A couple of evenings ago, I took the camera out in the gloom and fog to record some street scenes in GBU. The Sony A900 was used with the Steinheil Cassar-S lens at f/16 and ISO 100, capped with either the Kolari deconverter (visible) or the Baader U2 (ultraviolet.) The results follow:

 

post-66-0-50300600-1580153784.jpg

 

post-66-0-39433600-1580153832.jpg

 

post-66-0-98156500-1580153938.jpg

 

Light sources (such as LED) which are visible-white but produce little or no UV show up distinctly yellow, as might be expected. More whitish sources are most likely some form of mercury- or sodium-vapor lamps. The McDonald's arches turn orange-red. There is undoubtedly some IR contamination in the U->B channel, however. Also, it is extremely difficult to white-balance a GBU image at night, due to the lack of any sort of reference target in the images; what you see is inevitably approximate or even arbitrary.

 

I close with a plain UV shot of the Hooterville Pig sign. Display intent is BGR.

 

post-66-0-65698300-1580154363.jpg

Link to comment

I notice that the colors are strange for UV photographs, but as you said there can be IR contaminations (I think that I would have used a filter with at least OD 5 to do this), and you had trouble to WB in almost total darkness. This is what I would have expected:

-Blue-indigo for LEDs (they emit very little UV, and the UV they emit is definitely towards longer wavelengths. Probably nothing below 380 nm.

-Strong yellow for mercury lamps, because of the 365 nm I-line (the 405 nm H-line should be blocked by the Baader U).

-Definitely NO reds.

-Greens are also strange, they should appear in deep UVA and UVB, around 340 nm.

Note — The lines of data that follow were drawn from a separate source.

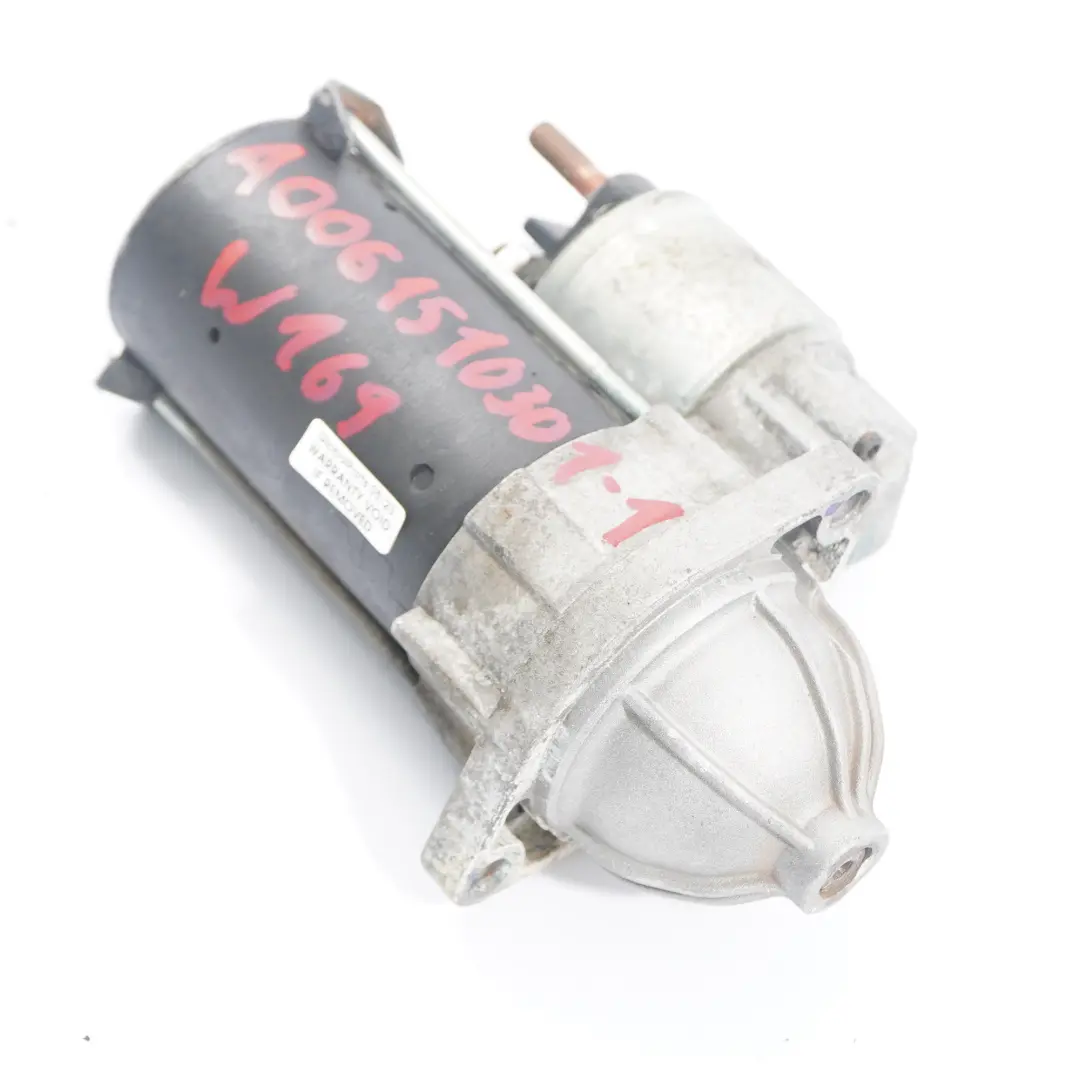 Mercedes W169 W245 Motor Arranque Del Motor De Gasolina - SKU A0061510301-1 - Número de pieza A0061510301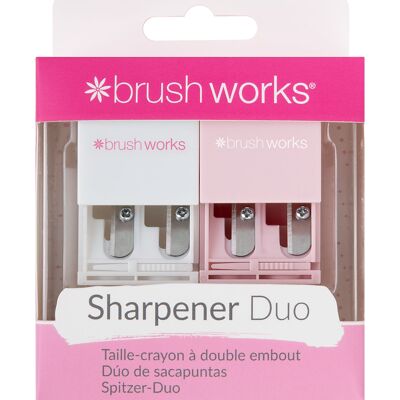 Brushworks Sharpener Duo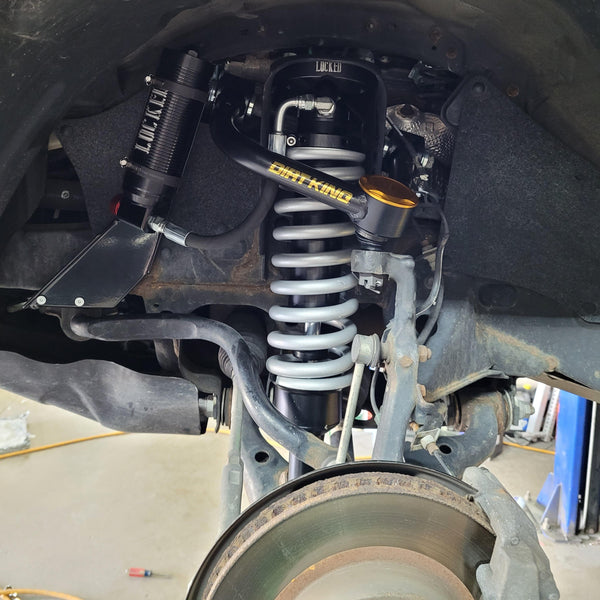 05-23 2nd/3rd Gen Tacoma 2.5" Coilover Lift Kit Coilovers Locked Offroad Shocks 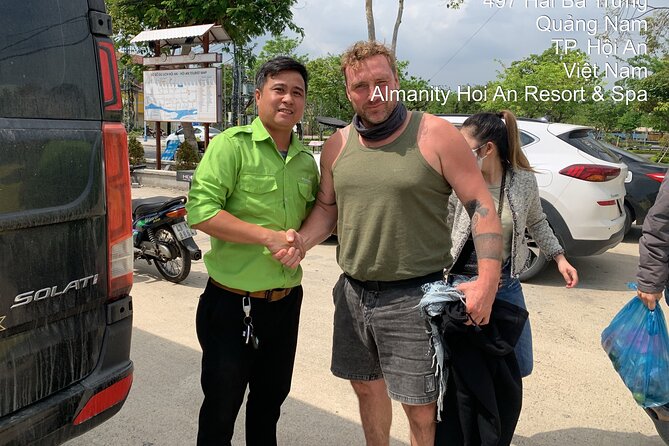 VIP Limousine: Da Nang to Hue Trip - Comfort Details: Seats, Helpfulness, and a Real-Life Bag Story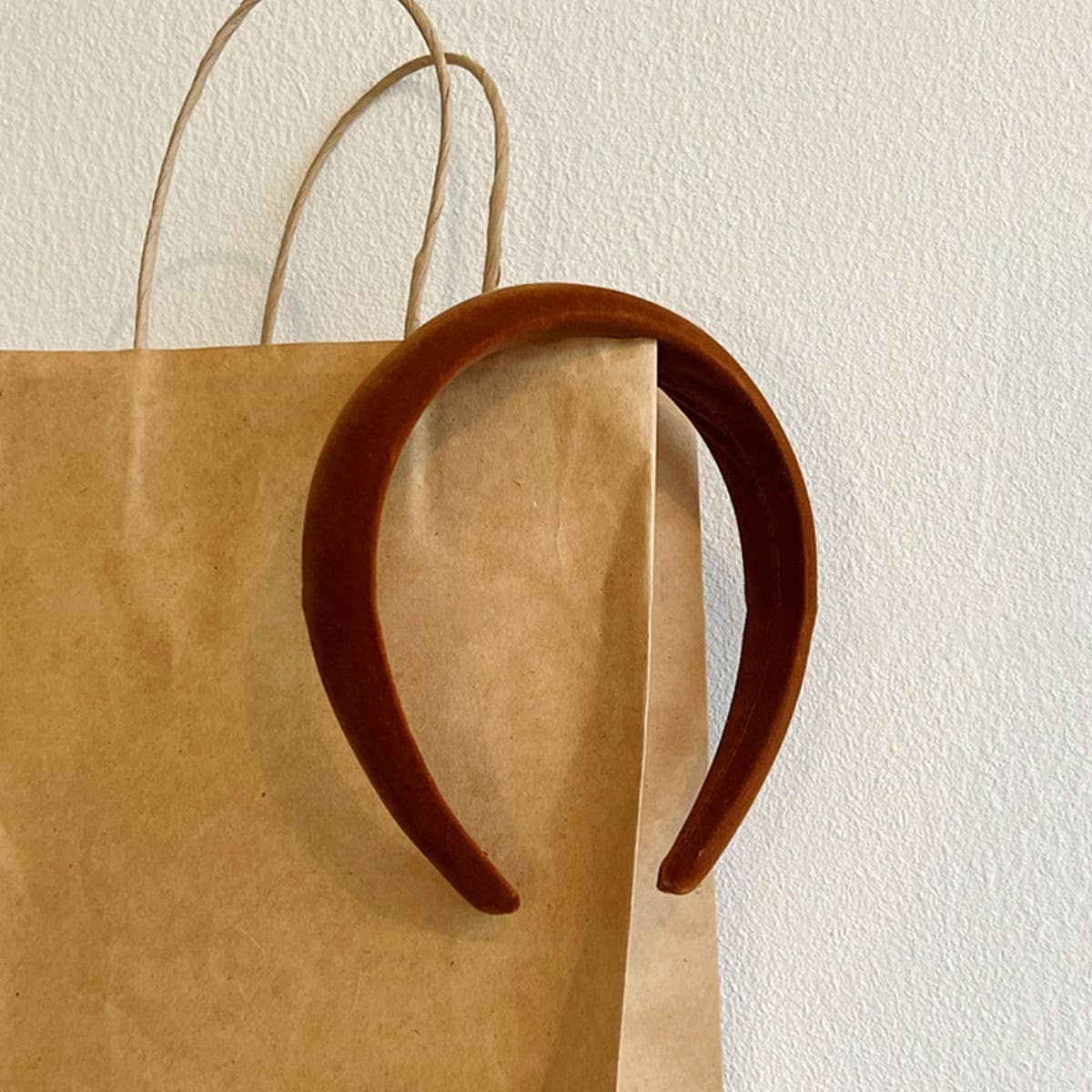 VELVET WHITENING GENTLE LAZY HEADBAND HAIRPIN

I don't think there is much of this wavelength at night, also because mercury doesn't have any strong line there.

Link to comment
OK, so white means equal amounts of UV, green and blue, yellow means equal amounts of green and blue with no UV, green means only blue, red only green and finally blue only UV. Now everything makes a lot more sense. So you have yellow LEDs and red McDonald's sign (which is normally yellow, and this means that it contains green, no blue and no UV). And does the white color of some lamps mean that they emit a significant amount of UV? They should be filtered against UV, for safety and "discoloration" reasons (UV tends to damage plastics and paints, so you don't want it on a plastic cover or something like that).
Link to comment

Do the blue/purple streaks indicate that some of the car headlights are halogen?

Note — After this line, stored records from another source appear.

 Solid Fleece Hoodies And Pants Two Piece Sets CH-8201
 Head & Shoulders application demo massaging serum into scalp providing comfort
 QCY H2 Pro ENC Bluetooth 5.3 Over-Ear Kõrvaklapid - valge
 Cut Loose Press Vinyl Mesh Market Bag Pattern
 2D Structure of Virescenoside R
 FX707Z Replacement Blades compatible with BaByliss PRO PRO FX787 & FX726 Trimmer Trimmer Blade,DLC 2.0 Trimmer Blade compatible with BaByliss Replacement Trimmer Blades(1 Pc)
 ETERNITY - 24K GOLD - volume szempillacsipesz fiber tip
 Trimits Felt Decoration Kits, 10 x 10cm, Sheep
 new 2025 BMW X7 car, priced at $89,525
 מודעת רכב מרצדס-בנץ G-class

Halogen lamps should emit good amounts of green, less of blue and even less of UV. They should appear of the same orange shades of incandescent objects. It is like shifting the peak wavelength to longer waves (using a cooler object). A blue objects should be UV-only in this rendition.
Link to comment

Although the UV image from a digital camera picks up some IR, I know from night film photography (which does not) that whatever filtration these sources (Hg, Na, fluorescent, neon) have is imperfect; otherwisr, photography such as this would not be possible.

 

Halogen and other incandescent sources emit a bit of UV but also a lot of IR; their presence in these images may be due more to the latter than to the former.

Link to comment

Thanks, Clark.

I always enjoy your explorations.

The Hooterville Pig is a fun photograph. Pig appears to be floating through the sky. :grin:

Link to comment

Please sign in to comment

You will be able to leave a comment after signing in



Sign In Now
×
×
  • Create New...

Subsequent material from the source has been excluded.